Fire-Bombing Drones Keep Firefighters Safe in Prescribed Burns
A project at the University of Nebraska-Lincoln has developed a drone equipped with GPS, an infrared camera and 400 tiny “fireballs” that can be used to ignite prescribed burns from a safe distance.
Prescribed burns are a proven way to reduce the impact of destructive wildfires, but they still come with risks to the firefighters who carry them out. That was the impetus behind a project from the National Science Foundation’s National Research Traineeship (NRT) program at the University of Nebraska-Lincoln (UNL) that uses a drone to drop fireballs to ignite prescribed burns, keeping firefighters out of harm’s way.

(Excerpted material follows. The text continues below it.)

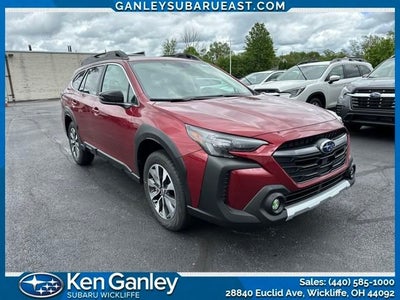 2025 Subaru Outback Limited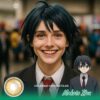Makoto Itou Cosplay Contact Lenses - Colored Contacts Makoto Itou Cosplay Contact Lenses Premium Colored Contact Lenses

“Burning is dangerous to people often because you’re on ATVs and rough topography, and we’re in Nebraska. …” professor Craig Allen, director of the NRT program, said in an article on UNL’s website. “Imagine it in the Rocky Mountains, too, how hard it is to get somewhere and how fast flames go upslope in situations where it’s easy to trap people. So, it really made sense to get some way to put fire on the ground that keeps people out of the equation.”
Called IGNIS, the drone was developed by Allen, along with colleagues specializing in agronomy and computer science. IGNIS uses GPS navigation, an infrared camera and a container of up to 400 1.5-inch balls of potassium permanganate that they call “Dragon Eggs.” The drone handler inputs its course; in flight, it injects the balls with antifreeze and they start burning when they hit the ground. IGNIS can ignite 50 to 75 acres at a time. Outside Nebraska, the fireball-dropping drones have been used in Texas, Arizona, Colorado, Oregon and California.